Anish Kapoor, Lisson Gallery, London

2.00

 

Is there something new from Kapoor amongst this multitude of new scuptural works spread across the various gallery spaces of two entire buildings? Not much. We can divide these work into the rough and the smooth.

The rough works, all violent, grey, earthquake-like ructions of one kind or another, are principally fashioned from pilings and heapings and bunchings and globbings of cement, worked by hand into explosions of orifice-like flowerets into which you can stare and stare if you so wish – oh, how Kapoor does love his voids!

Some adhere to the wall as if by some miracle of suspension; another, with a skin that looks positively elephantine, hangs in the air like a just-about-to-descend meteorite or a sculpture by the late Franz West; a third rises, leaning and lurching, from a crude, workaday plinth.

Their hand-wrenched, hand-wrested surfaces look like an aggressive riposte to the charge that Kapoor often seems to be too wedded to a kind of seamless smoothness. Are these snatchings from ancient geological landscapes? Are they riffs upon the idea of the honeycomb? A bit of one and the other.
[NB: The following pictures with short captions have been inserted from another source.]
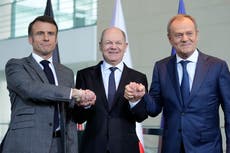 En muestra de unidad, Alemania, Francia y Polonia prometen más armas para Ucrania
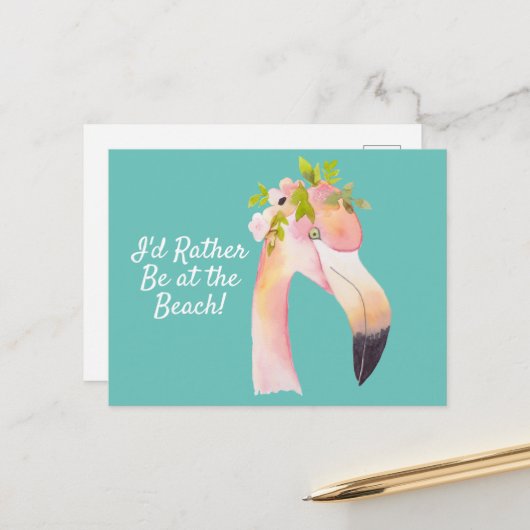 Flamingo waterverf - bij het strand briefkaart (Voorkant / Achterkant in situ)
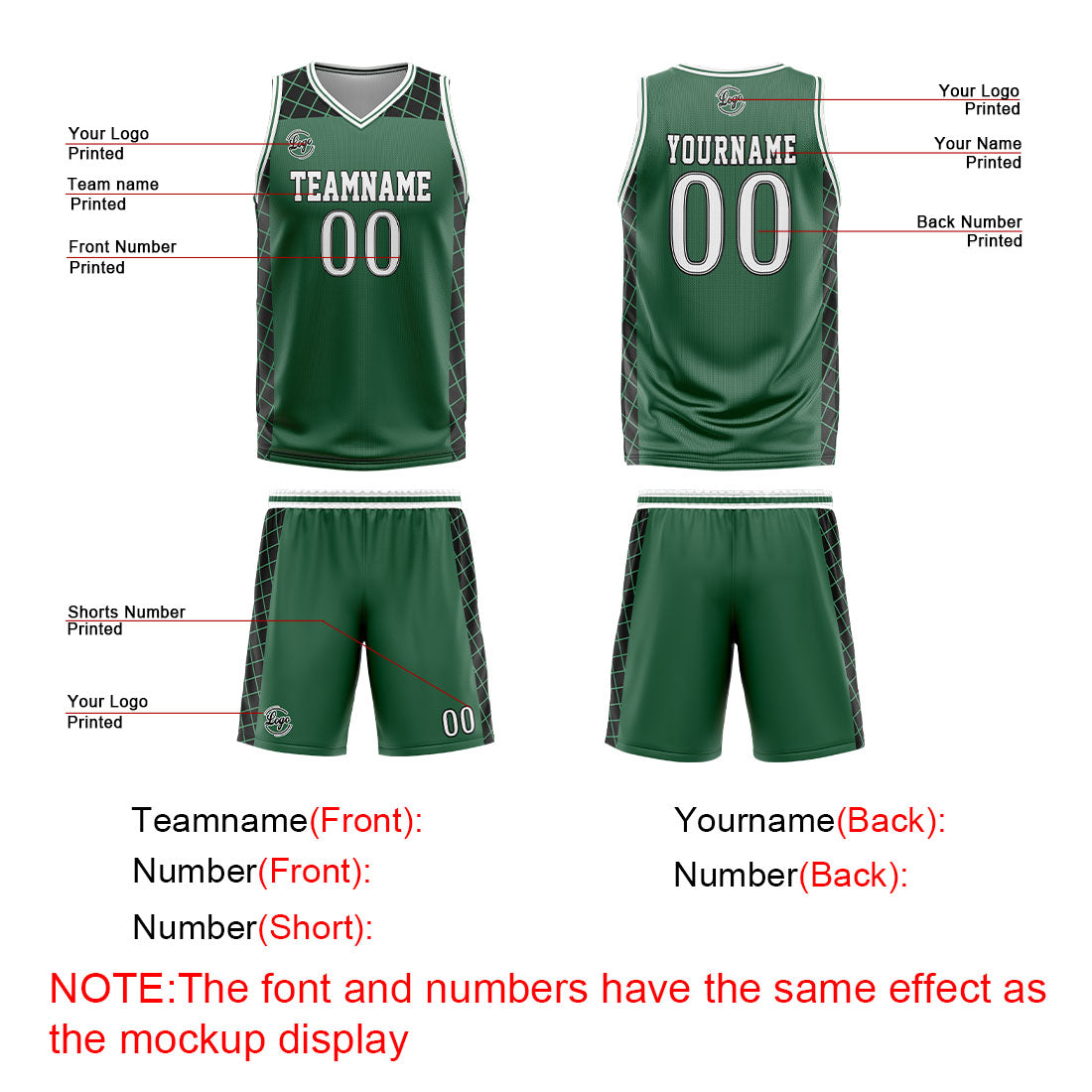 Custom Green Black Basketball Jersey Uniform Suit Printed Your Logo Name Number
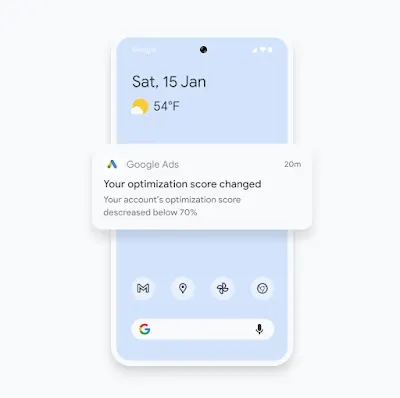 Illustration of a phone shows a Google Ads Mobile App notification about an optimization score change.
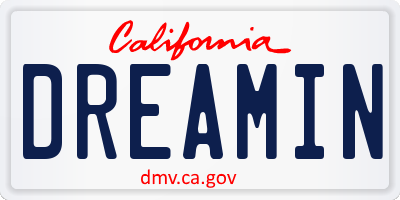 CA license plate DREAMIN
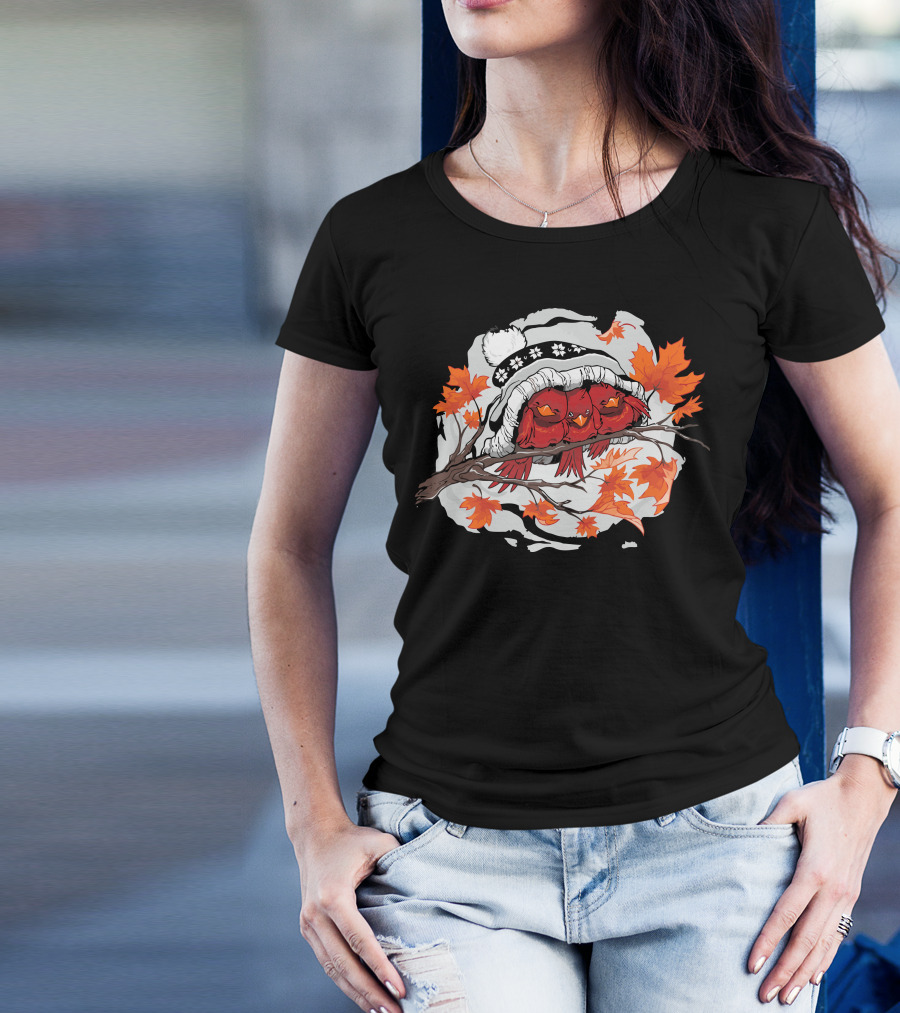Huddle Autumn Cardinals Under Snowflake Hat On Branch With Red Leaves T-Shirt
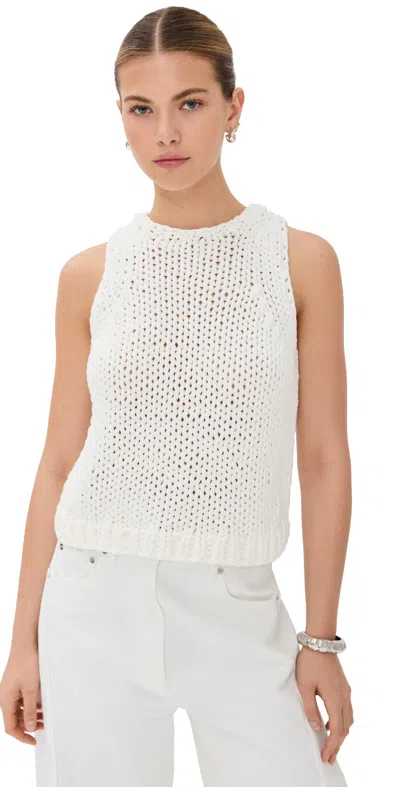 Tibi Deluxe Tube Yarn Sweater Tank White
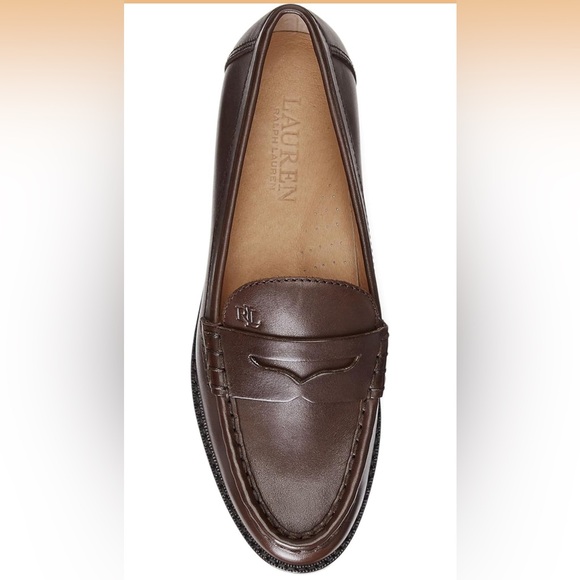 Lauren Ralph Lauren Winnie Burnished Leather Penny Loafers Chestnut Brown 9.5 - Picture 5 of 16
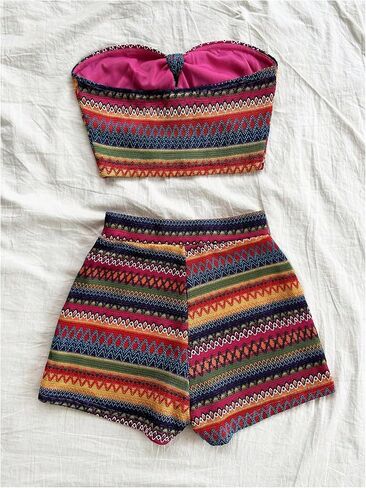 MakeMeChic Women's 2 Piece Outfits Tribal Print Knot Front Bandeau Crop Top and Shorts Boho Set in Saudi Arabia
Elsewhere, a series of earth-coloured sculptures on table tops seem to mimic re-shapings of the surface of the earth, blown into heaps, shaped into dunes or rearing up into nodes. Earth is a component of all these works, and it is the shiftings and the perpetual re-fashionings of the earth's surface that this group of works is exploring.

Elsewhere, slightly different things are happening. In one room, his ever first ready-made is on view, a piece called 'Organ' which consists of a huge grey diesel engine, with the kind of components you might expect from a diesel engine: fuel tanks, pumps, etc. What is this all about?

Is it a portrait of man the machine, complete with beating heart and exo-skeleton? For all its size, the emotional resonance is tiny. And in another space, there is what you might describe as a room-size installation - a circle of light projected down onto the surface of a concrete floor accompanied by a juddery, low-toned anxiety-inducing note.

Flitting elsewhere again, an entire series of wall-suspended, concave fibreglass hemispheres or bowls – they seem to be afloat against the wall - all highly coloured aquamarine, purple, yellow etc., catches us back to Kapoor the smooth manipulator of surfaces which seem to be playing tricks on us even as we look at them – concave or convex? What form is he playing with this time? So many, all at once.